ダスキンが特に注力しているのは、ミスタードーナツ事業におけるリサイクルの取り組みです。1997年から始めたフライオイルの100%リサイクルは、その一環として実施されています。この取り組みは、使用済みフライオイルを工業用原料やバイオ燃料、飼料に再資源化するものです。このように、循環型社会の実現に向けた実効性の強い施策が評価され、賞をもたらしたと言えるでしょう。
ミスタードーナツの持続可能な取り組み
ダスキンは、ミスタードーナツを中心にした外食事業領域で数多くの環境配慮型の施策を進めています。主な取り組みは以下の通りです:
1.
フライオイルの100%リサイクル(1997年開始)
ミスタードーナツでは、使用済みフライオイルをリサイクルし、工業用原料やボイラー燃料として再利用しています。これにより、店舗から生じる廃棄物を削減し、環境への負荷を軽減しています。
2.
ドーナツの飼料化(2000年開始)
閉店時に残ったドーナツを飼料化する制度を導入し、家畜の飼料として再利用しています。この仕組みは、2025年までに全ミスタードーナツ店舗に拡大される予定です。
3.
廃棄原材料のバイオマス発電利用
物流センターで発生する廃棄原材料をバイオマス発電に活用し、再生可能エネルギーとして利用しています。
4.
食品ロス削減への取り組み
2030年度までに食品ロス量を2000年度の半分に減少させることを目指し、継続的に施策を進めています。
ダスキンの多様な取り組み
ダスキンは持続可能な事業活動にとどまらず、ダイバーシティにも取り組んでいます。多様なキャリアや背景を持つ社員が互いに尊重し合い、最大限の能力を発揮することで、変化する顧客ニーズに応え、新たな価値を創出しています。
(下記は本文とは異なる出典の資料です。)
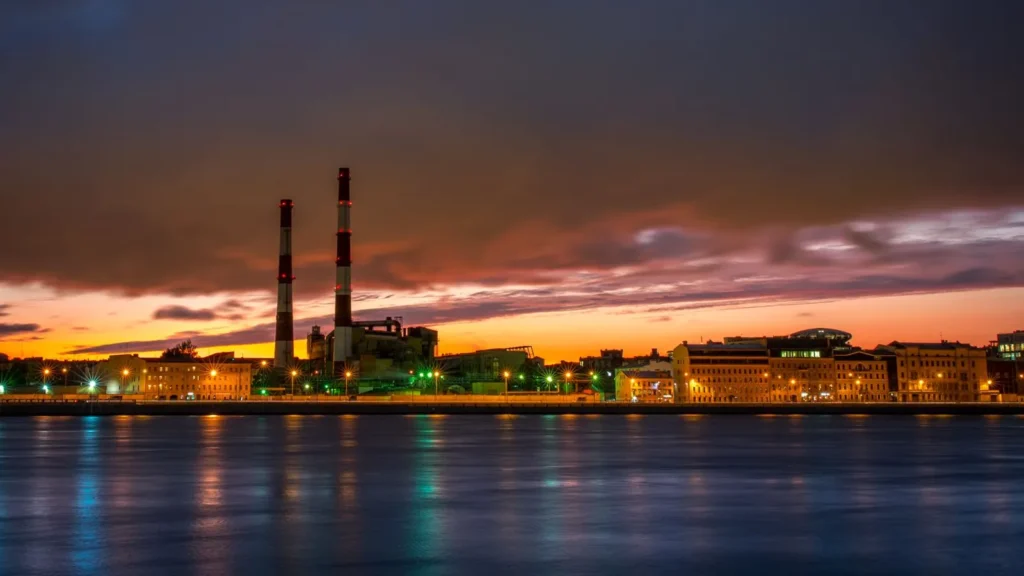 Chimeneas industriales al atardecer, reflejadas en el agua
さらに、1981年に設立された公益財団法人ダスキン愛の輪基金は、障がい者の自立をサポートする活動を展開しています。特に、創業日である1月27日には、売上の一部を寄付することで、障がい者への支援を行っています。
結論
株式会社ダスキンの持続可能な事業活動の取り組みと「農林水産大臣賞」の受賞は、外食産業における模範的な事例と言えます。これからも、環境に優しい事業モデルを持続可能な形で推進し、美味しい食を通じた新たな価値を提供し続けてほしいと願っています。